I have a Klipsch RW12d. It's not the most impressive sub on the market but I think it sounds pretty nice in my setup. My other speakers are Klipsch RB81's bookshelves (x4) and a RC62. I plan on moving everything down to a dedicated theater room in about a month or so. The volume is around 1600 ft³ (20x10x7¾). 

I'm not sure if my Klipsch Sub will fill the room well enough. I know SVS subs will dig deeper and are probably the best value out there. What sub would you recommend given a budget of $1000 or less? Less being more acceptable to my wife. 

Also what would the benefit of your recommendation yield over my current sub?


----------



## Sonnie (Apr 11, 2006)

At $250 off regular price... the PB12-Plus would be a very good option for your room size. With shipping that should keep you at or just below $1,000. Extension will be dramatically lower.


----------



## MatrixDweller (Jul 24, 2007)

Wow...that's more than 10Hz lower and a bit louder. I think SVS's bottom shelf sub beats the RW12d in extension. 

Is that graph with the parametric EQ on? It has a very flat response.

Do you know how accurate (musical) their subs are?


----------



## Sonnie (Apr 11, 2006)

If you look at the tests of most of the SVS subs over in the Subwoofer Tests forum, they appear to be very clean. I like them for music and movies.


----------



## jr1414 (Nov 28, 2007)

I'd recommend the PB12-Plus also. It is one of the cleanest you'll find, even cleaner than the PB12 Plus/2 I just picked up.
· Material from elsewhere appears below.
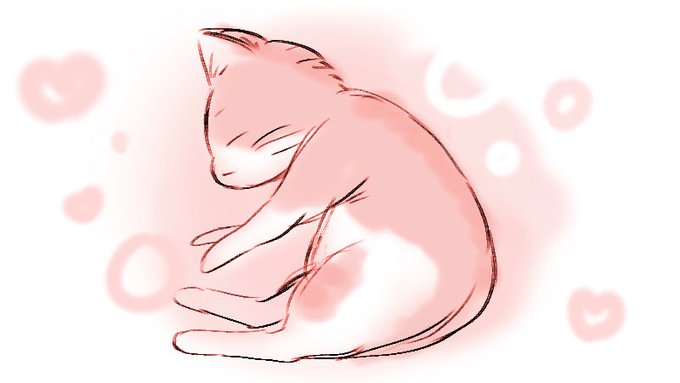 かえってきたよー🐱🚗
けんさけっかはまだ1しゅうかんくらいかかるみたいだよー 今はますいでふらふらだけど おうちかえってきてうれしーってうごきもあって うれしいよ ただいま おつかれさまー 気(けぇ)をわけてくれてありがとー がんばったーがんばったねーえらい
The Plus/2 has two drivers and a bit more headroom and is on clearance now for 1099 plus shipping. If that really breaks the budget there's also the PB12 NSD/2 which is the same cabinet with different drivers and a little less power, but is still considered one of the best for I believe for $799 Plus shipping. You can't really go wrong with any of these subs, it's just a matter of determining what will work best for you.

Give SVSound a call. They'll be happy to discuss your requirements and won't try to oversell you. They were very helpful in helping me to determine my needs, and I couldn't be happier with my SVS!!!


----------



## MacDad2 (Nov 25, 2007)

I just installed dual PB12+ subs today in my media room.. they replaced a couple of much older, but high end subs. It will take some time for the speakers to burn in, but they already sound awesome.

Chris


----------